Ce livre est celui du temps. Non, comme le rap­pelle Salah Sté­tié dans sa pré­face, « celui du temps qui tremble au cadran du banal bracelet-montre mais celui du temps du temps ». Ici, il s’ouvre par ce qu’en dit la langue en ses tra­ver­sées de désir. Du moins lorsqu’il tente de sor­tir de ses « gluantes masses céré­brales » pour s’en libé­rer même si San­gral sait com­bien cette lutte est vaine.
Le poids et la force de nos rien sont trop lourds et puis­sants dans la nasse de notre être si bien que ce der­nier se perd en dépit de ses courses folles dans l’immobilité et ses déserts d’ennui – preuve que toute pas­sion humaine n’est que pas­si­vité. Et si le mal existe, il n’a rien à voir avec la morale : il s’appelle le temps. Et c’est parce qu’il crée une rivière de pro­blèmes que les poèmes tentent de pro­po­ser des bar­rages afin que le monde comme l’être ne cessent pas d’exister.

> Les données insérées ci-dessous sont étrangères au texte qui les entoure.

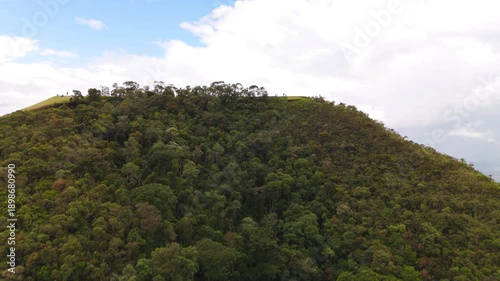 aerial and circular view of a mount at the top advancing with a look at a city in the middle of the Atlantic Forest in Sao Paulo coast in Brazil with mountains at distance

L’objec­tif est pro­mé­théen mais reste le moyen de sor­tir de la nuit qui est « tom­bée dans un livre ». Cette nuit nous empêche de vivre, dans l’obscurité nous pré­fé­rons – et c’est un comble – nous regar­der nous contem­pler. Mais sor­tant de la dupe­rie des textes miroirs, San­gral ouvre le « je », le tranche pour qu’il ose affron­ter le risque d’être encore en vie et envie sur sa nef des fous. Celle qui glisse sur l’abîme mais que seuls les « bri­seurs de rêve » tentent de sabor­der.
Face à ce que nous nom­me­rons l’ « ogre­rie » humaine, il est temps de don­ner au temps moins de nuit que de soleil « pour y chier jusqu’à l’horizon son angoisse ». Le poète trans­forme en consé­quence le monde et ses repré­sen­ta­tions. Là où une boucle se boucle au moment où la fin est le début. Et l’auteur à soin de le sou­li­gner par un texte manuscrit.

Voilà un tour de magie ou d’espoir pour ren­ver­ser le fini dans l’infini selon un cal­cul cos­mique propre à don­ner à l’être une dimen­sion qu’il a per­due. A cela une rai­son majeure : la sur­puis­sance d’un ego qui se contente d’être le peu qu’il est et que trop sou­vent la poé­sie clas­sique se contente d’entretenir, comme un vieux ban­quier de la HSBC le fait de sa danseuse.

jean-paul gavard-perret

Sté­phane San­gral, Là où la nuit / tombe, Gali­lée, Paris, 2018,  110 p. — 12,00 €.